On the flip side, they can serve as ammunition for negative personnel decisions. When a dozen students from the same class write variations on “good professor when she bothers to show up,” that’s a red flag. Even the numerical part can be instructive. At a previous college, I received the numerical rankings every year. After a few years, I noticed that the same few names kept bringing up the rear, usually by a significant margin. If the same person scores multiple standard deviations below the mean year after year, well, I have some questions.

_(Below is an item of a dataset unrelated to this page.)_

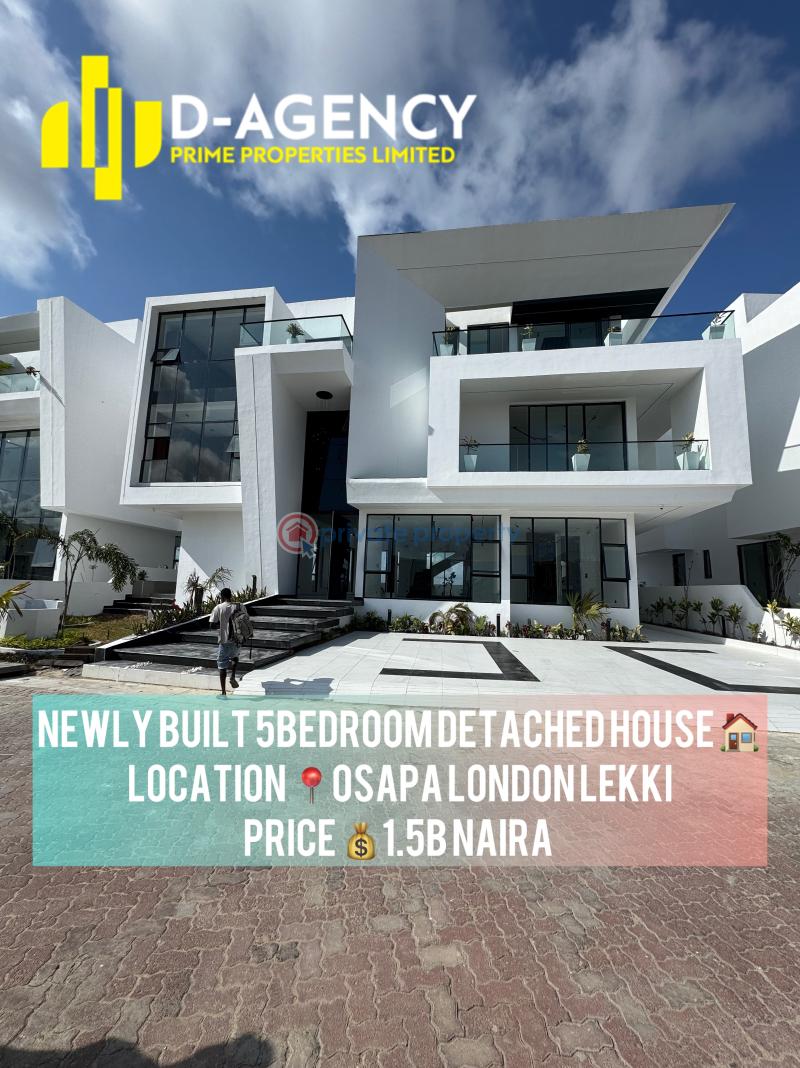 5 bedroom Detached Duplex For Sale Osapa London Lekki Lagos - 0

The tricky part is that what makes for constructive feedback may not make for useful fodder for promotion decisions. Formative assessments are great and humane, and I’m all for them when people are basically competent and actually trying. But when those conditions don’t hold, for whatever reason, formative assessments aren’t terribly helpful in making adverse decisions. If the decision gets challenged -- and it will -- you’ll need strong and unambiguous language condemning the performance. When one form has to serve both purposes, it’s little wonder that it does neither well.

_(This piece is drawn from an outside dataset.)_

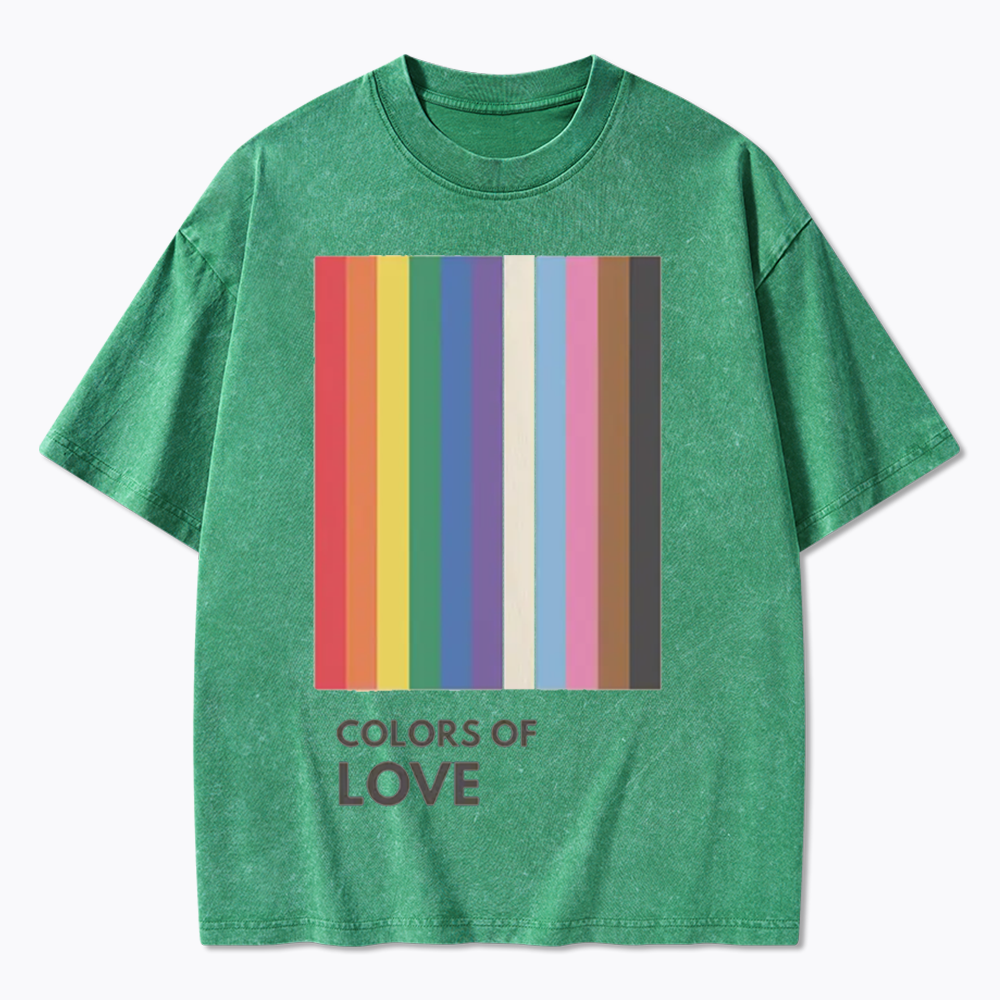 Colors of Love Washed T-Shirt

Even the ‘theater’ function is flawed at best. The degree to which the opinions have an effect varies from case to case. For a full professor with tenure, the external impact of the difference between “above average” and “meh” is approximately zero. In that case, some student cynicism is hard to dismiss. In the case of someone coming up for tenure, or an adjunct hoping to make the leap to full-time, the same difference could matter. And the degree to which any given professor takes feedback and uses it constructively varies from person to person, even within ranks.
Clearly, student course evaluations shouldn’t be dispositive on their own. Students respond to cues both appropriate (clarity, respect) and inappropriate (attractiveness, accents). I read once that students tend to reward gender-conforming behavior: they prefer men who are authoritative and women who are nurturing. Women who are authoritative and men who are nurturing get downgraded. New and unexpected teaching approaches can be polarizing, so faculty who are not in a position to risk it may avoid innovation. And if years of blogging have taught me anything, it’s that the caliber of anonymous comments can be, uh, let’s go with “uneven.” Too much faith in any one source is a problem, even assuming that the source is clear and valid.

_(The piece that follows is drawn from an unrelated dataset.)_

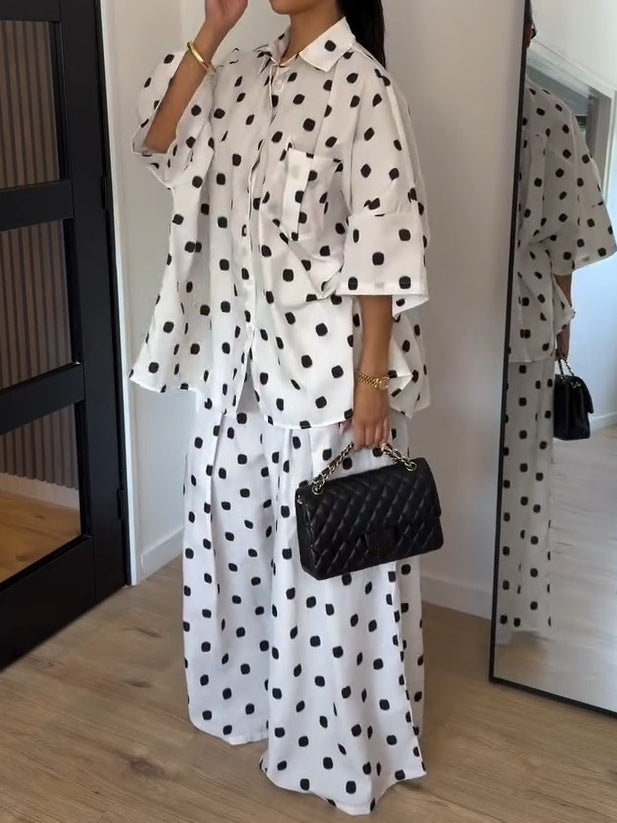 Polka-Dot Two-Piece Set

I’ve seen and heard proposals to do away with student course evaluations altogether, but I’ve never seen a convincing alternative. Theoretically, one could do pre- and post-tests to measure “value added,” instead of asking opinions, but how you’d get students to take pre-tests seriously isn’t clear. I’d also hate to see higher education repeat the mistakes of K-12. You could measure performance in subsequent courses, though in small programs or departments you’d run into an issue of circularity, and in any size department you’d have trouble controlling for inputs. Colleague and supervisor observations can help round out the picture, but they’re often so limited -- and even pre-announced -- that they come closer to measuring potential than performance. If I observe a class for a day, I may see a terrific discussion, but I won’t notice that the professor takes a month to return papers. The students are the only ones in a position to see that. Shutting off that source means giving up on some pretty important information.
Wise and worldly readers, have you seen a particularly good version of student course evaluations? Is there a reasonably elegant way to serve so many disparate purposes at once?